Solar entrepreneur Jeremy Leggett places the blame for the developing, protectionist trade war on ‘a campaign by the companies that dominate energy markets, seeking to hold back renewables in defence of their interests’, leading to severe cuts in government support for alternative energy.

Leggett says ‘the incumbents in carbon fuels and nuclear are the root cause of the trade war. They have managed to curb soaring demand for solar, accelerating global price-cutting beyond what manufacturing economies of scale would have produced.’

A key contribution to the declining European PV market is to be found across the Atlantic in the USA where the relatively cheaper gas released by fracking has in turn reduced the demand for, and hence the price of coal.

North America’s turn to fracking pushed down US natural gas prices to 10-year lows last spring, prompting electricity generators to switch to gas from coal. Unwanted at home, US coal increasingly found its way on to European markets, where it has displaced more expensive gas as a fuel for power stations.
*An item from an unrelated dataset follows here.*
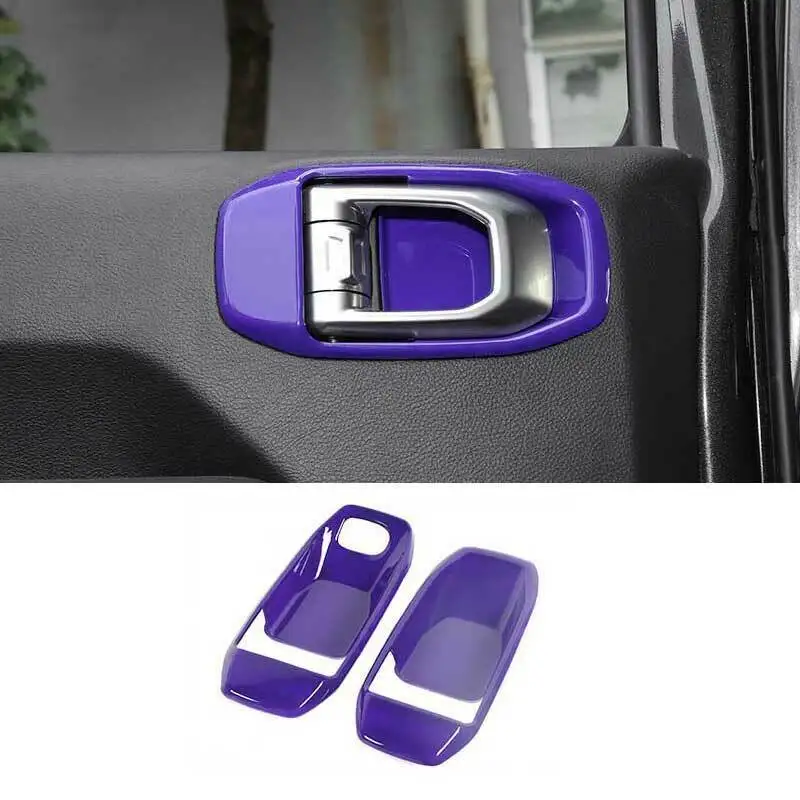 

For Jeep Wrangler JL 2DR 2018-2021 ABS Purple Inner Door Handle Frame Trim 2PCS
American coal exports to Europe increased by 29 per cent last year. The resulting oversupply, exacerbated by a slowdown in Chinese demand, sent European coal prices plummeting from $130 a tonne in March 2011 to around $86 now.

So there was a sharp increase in the level of the greenhouse gases blamed for global warming emitted by the European Union’s coal-fired power stations in 2012, as plant owners rushed to take advantage of high profits.

The rise was as high as 17 per cent according to Brian Potskowski of the Bloomberg New Energy Finance research group, while Europe’s total power plant emissions rose 3 per cent over the same period.

“I would say that the increase in power emissions is due in large part to the increased attractiveness of burning coal relative to gas in 2012,” he said.

In the capitalist dream world inside Leggett’s entrepreneurial head, the leaders of the countries where solar panel production takes place will issue ‘instructions to their ministries to think of common global energy security rather than narrow national energy insecurity.’

The rise in burning dirty fuels confirms a recent International Energy Agency’s report which showed that, “despite a boom in renewable energy over the last decade, the average unit of energy produced today is basically as dirty as it was 20 years ago”.

In the harsh reality of capitalist economics, the search for the highest profits determines the retreat to coal and accelerating climate change. The notion that market mechanisms, or indeed consumer choice, can even begin to solve the eco-crisis is a non-runner if there ever was one.